### Activity
Write out, unaltered, each line from the top of the records below down to the line where "Retiro de Mujeres" appears, that line included.

+++ Input for this task +++

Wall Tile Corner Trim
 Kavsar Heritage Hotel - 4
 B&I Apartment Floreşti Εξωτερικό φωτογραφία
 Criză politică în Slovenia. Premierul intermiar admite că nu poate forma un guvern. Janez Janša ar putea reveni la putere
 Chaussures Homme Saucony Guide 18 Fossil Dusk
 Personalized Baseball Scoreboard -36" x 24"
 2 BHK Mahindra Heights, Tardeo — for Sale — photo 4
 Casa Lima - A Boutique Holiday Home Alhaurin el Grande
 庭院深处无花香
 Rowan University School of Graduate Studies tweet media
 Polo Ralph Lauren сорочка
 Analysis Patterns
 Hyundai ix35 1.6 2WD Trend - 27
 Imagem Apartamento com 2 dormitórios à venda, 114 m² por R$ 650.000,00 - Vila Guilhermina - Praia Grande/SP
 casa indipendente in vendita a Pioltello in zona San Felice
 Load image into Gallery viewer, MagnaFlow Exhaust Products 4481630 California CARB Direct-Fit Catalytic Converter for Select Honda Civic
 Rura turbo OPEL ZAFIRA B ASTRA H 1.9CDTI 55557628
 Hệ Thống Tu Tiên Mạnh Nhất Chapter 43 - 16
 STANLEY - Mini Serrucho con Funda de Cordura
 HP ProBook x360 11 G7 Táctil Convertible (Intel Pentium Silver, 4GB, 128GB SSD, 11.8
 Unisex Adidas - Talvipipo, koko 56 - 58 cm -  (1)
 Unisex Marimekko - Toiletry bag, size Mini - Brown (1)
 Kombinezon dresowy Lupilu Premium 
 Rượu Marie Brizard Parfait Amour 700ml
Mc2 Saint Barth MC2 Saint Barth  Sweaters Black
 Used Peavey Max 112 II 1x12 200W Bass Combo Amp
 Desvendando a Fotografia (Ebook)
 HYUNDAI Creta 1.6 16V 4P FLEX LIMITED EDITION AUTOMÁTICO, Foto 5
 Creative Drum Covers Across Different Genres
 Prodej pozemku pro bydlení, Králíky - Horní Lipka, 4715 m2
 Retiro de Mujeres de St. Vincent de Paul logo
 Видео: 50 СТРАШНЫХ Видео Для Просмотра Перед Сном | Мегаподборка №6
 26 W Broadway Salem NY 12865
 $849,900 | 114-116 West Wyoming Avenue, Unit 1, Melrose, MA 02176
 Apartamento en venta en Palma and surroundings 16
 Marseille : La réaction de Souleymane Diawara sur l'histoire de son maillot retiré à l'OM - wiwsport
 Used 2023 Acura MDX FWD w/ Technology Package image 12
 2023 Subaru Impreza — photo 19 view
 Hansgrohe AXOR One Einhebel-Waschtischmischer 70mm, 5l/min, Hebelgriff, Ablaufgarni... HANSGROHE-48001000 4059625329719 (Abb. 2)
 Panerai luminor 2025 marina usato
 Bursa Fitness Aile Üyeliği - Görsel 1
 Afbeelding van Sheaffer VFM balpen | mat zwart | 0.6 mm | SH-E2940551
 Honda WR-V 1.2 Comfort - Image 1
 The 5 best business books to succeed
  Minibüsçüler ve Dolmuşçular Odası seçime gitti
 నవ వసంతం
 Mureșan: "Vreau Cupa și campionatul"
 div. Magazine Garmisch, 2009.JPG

+++

### Result
Wall Tile Corner Trim
 Kavsar Heritage Hotel - 4
 B&I Apartment Floreşti Εξωτερικό φωτογραφία
 Criză politică în Slovenia. Premierul intermiar admite că nu poate forma un guvern. Janez Janša ar putea reveni la putere
 Chaussures Homme Saucony Guide 18 Fossil Dusk
 Personalized Baseball Scoreboard -36" x 24"
 2 BHK Mahindra Heights, Tardeo — for Sale — photo 4
 Casa Lima - A Boutique Holiday Home Alhaurin el Grande
 庭院深处无花香
 Rowan University School of Graduate Studies tweet media
 Polo Ralph Lauren сорочка
 Analysis Patterns
 Hyundai ix35 1.6 2WD Trend - 27
 Imagem Apartamento com 2 dormitórios à venda, 114 m² por R$ 650.000,00 - Vila Guilhermina - Praia Grande/SP
 casa indipendente in vendita a Pioltello in zona San Felice
 Load image into Gallery viewer, MagnaFlow Exhaust Products 4481630 California CARB Direct-Fit Catalytic Converter for Select Honda Civic
 Rura turbo OPEL ZAFIRA B ASTRA H 1.9CDTI 55557628
 Hệ Thống Tu Tiên Mạnh Nhất Chapter 43 - 16
 STANLEY - Mini Serrucho con Funda de Cordura
 HP ProBook x360 11 G7 Táctil Convertible (Intel Pentium Silver, 4GB, 128GB SSD, 11.8
 Unisex Adidas - Talvipipo, koko 56 - 58 cm -  (1)
 Unisex Marimekko - Toiletry bag, size Mini - Brown (1)
 Kombinezon dresowy Lupilu Premium 
 Rượu Marie Brizard Parfait Amour 700ml
Mc2 Saint Barth MC2 Saint Barth  Sweaters Black
 Used Peavey Max 112 II 1x12 200W Bass Combo Amp
 Desvendando a Fotografia (Ebook)
 HYUNDAI Creta 1.6 16V 4P FLEX LIMITED EDITION AUTOMÁTICO, Foto 5
 Creative Drum Covers Across Different Genres
 Prodej pozemku pro bydlení, Králíky - Horní Lipka, 4715 m2
 Retiro de Mujeres de St. Vincent de Paul logo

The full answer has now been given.